▶ _BRIEF_: Print the line containing "Meet your Posher, Deborah - Picture 1 of 1", then every line after it through the end of the material, exactly as written and without pictures.

▶ _PROVIDED MATERIAL_:
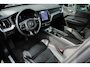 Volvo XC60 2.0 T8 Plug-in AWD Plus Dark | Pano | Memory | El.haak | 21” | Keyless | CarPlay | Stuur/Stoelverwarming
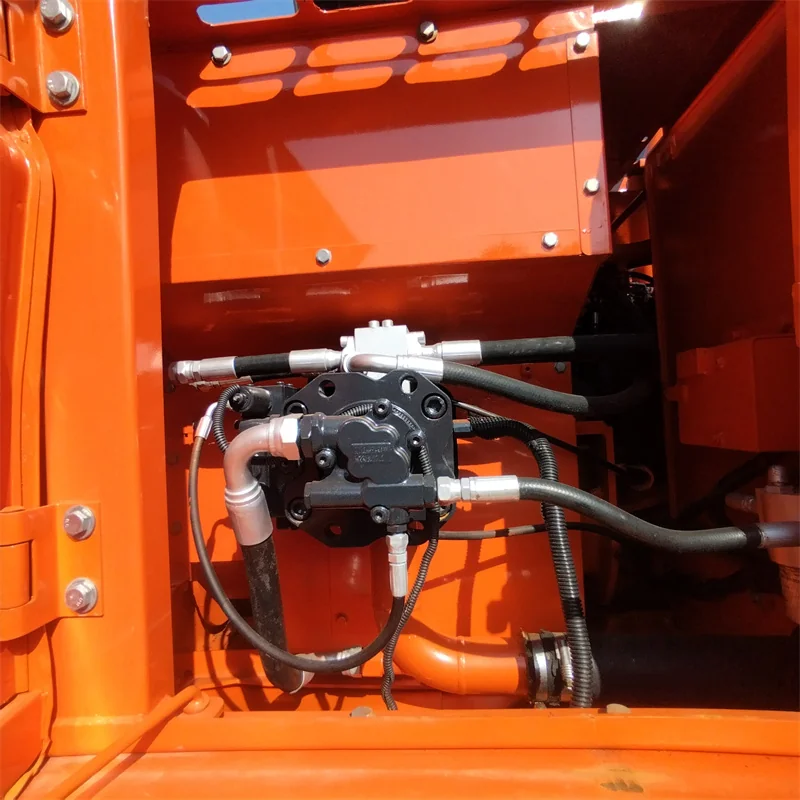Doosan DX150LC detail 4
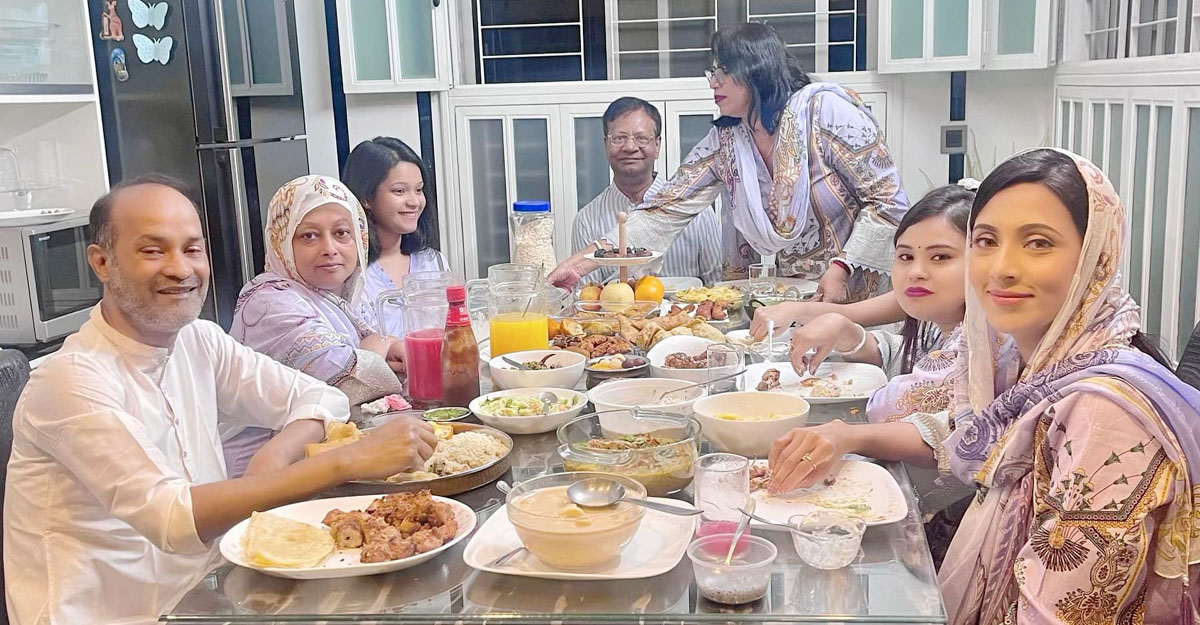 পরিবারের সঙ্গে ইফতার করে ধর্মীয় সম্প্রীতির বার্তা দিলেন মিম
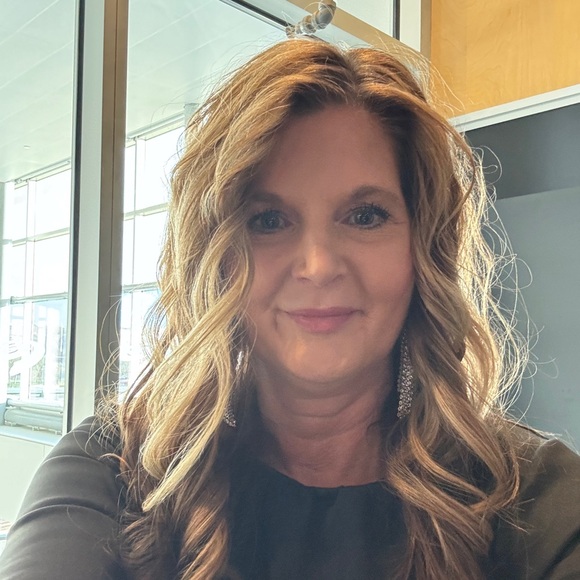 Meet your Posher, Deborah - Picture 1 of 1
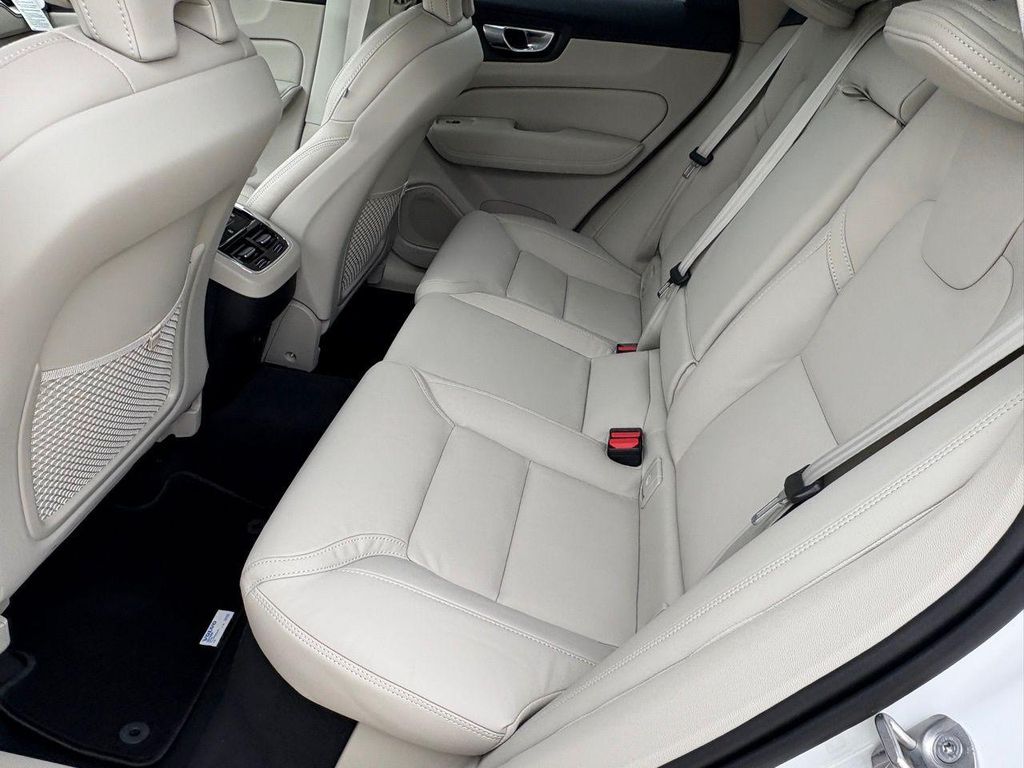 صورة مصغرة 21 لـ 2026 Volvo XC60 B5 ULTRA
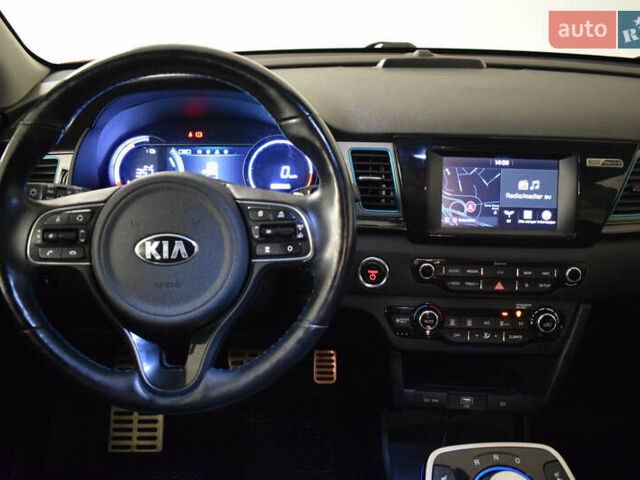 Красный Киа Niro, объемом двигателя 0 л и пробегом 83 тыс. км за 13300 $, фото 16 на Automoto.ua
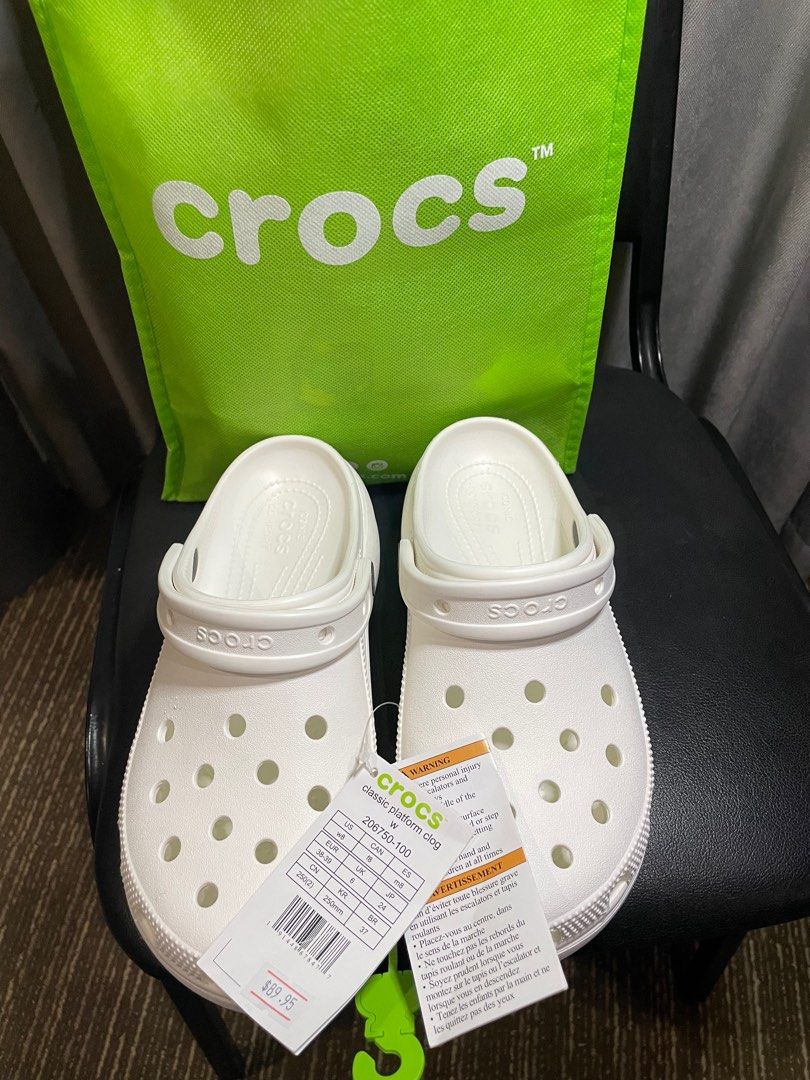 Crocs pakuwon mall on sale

▶ _TASK RESPONSE_:
 Meet your Posher, Deborah - Picture 1 of 1
 صورة مصغرة 21 لـ 2026 Volvo XC60 B5 ULTRA
 Красный Киа Niro, объемом двигателя 0 л и пробегом 83 тыс. км за 13300 $, фото 16 на Automoto.ua
 Crocs pakuwon mall on sale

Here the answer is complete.